Principal references (all verified):

- Steve Jobs: the 1995 *Triumph of the Nerds* interview ("no taste," "it comes down to taste," "good artists steal"), the 1996 *Wired* interview "The Next Insanely Great Thing" (connecting things / dots), and the 2005 Stanford commencement (the calligraphy class / connect the dots backwards)
- Dieter Rams (Ten Principles of Good Design), Jony Ive, John Maeda (*The Laws of Simplicity*), Don Norman (*Emotional Design*), Austin Kleon (*Steal Like an Artist*)
- Michael Polanyi, *The Tacit Dimension* (1966); Harry Collins, *Tacit and Explicit Knowledge* (2010)
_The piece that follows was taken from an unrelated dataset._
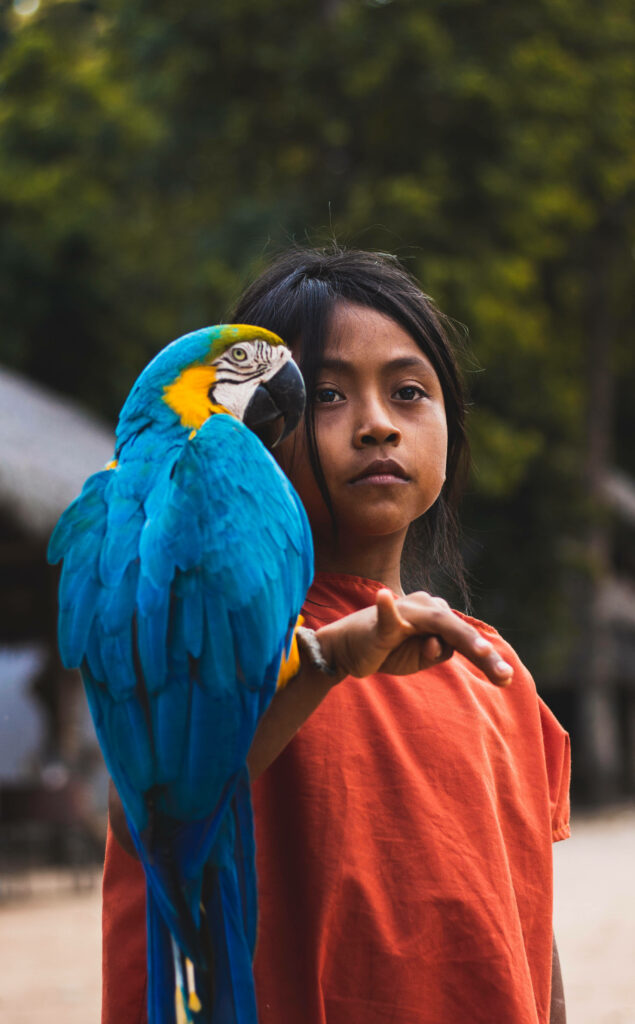 Boy with Blue Parrot: A Colorful Adventure in Nature Wallpaper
- Paul Graham, "How to Do Great Work" and "Taste for Makers"; Ira Glass (This American Life); the Dreyfus brothers' five-stage skill model; T. S. Eliot, *The Sacred Wood* (1920)
- The 2026 AI debate: Paul Graham (2026-02-14), Greg Brockman (2026-02-16), Dane Knecht (Cloudflare, via media), Nan Yu (Linear); Andrej Karpathy (Sequoia AI Ascent 2026); Shrivu Shankar, "Taste Is Not a Moat"; Eric M. De Castro, "Taste is the Only Moat: Surviving the AI Flood" (Medium, 2026)
- WritingPreferenceBench (arXiv 2510.14616)

Note: this is original commentary and synthesis; quotations are attributed. "Good artists copy, great artists steal" is Jobs paraphrasing—not Picasso's own words (the earlier source is T. S. Eliot); WritingPreferenceBench's 52.7% refers to subjective-quality judgment "after controlling for objective correctness, facts, and length."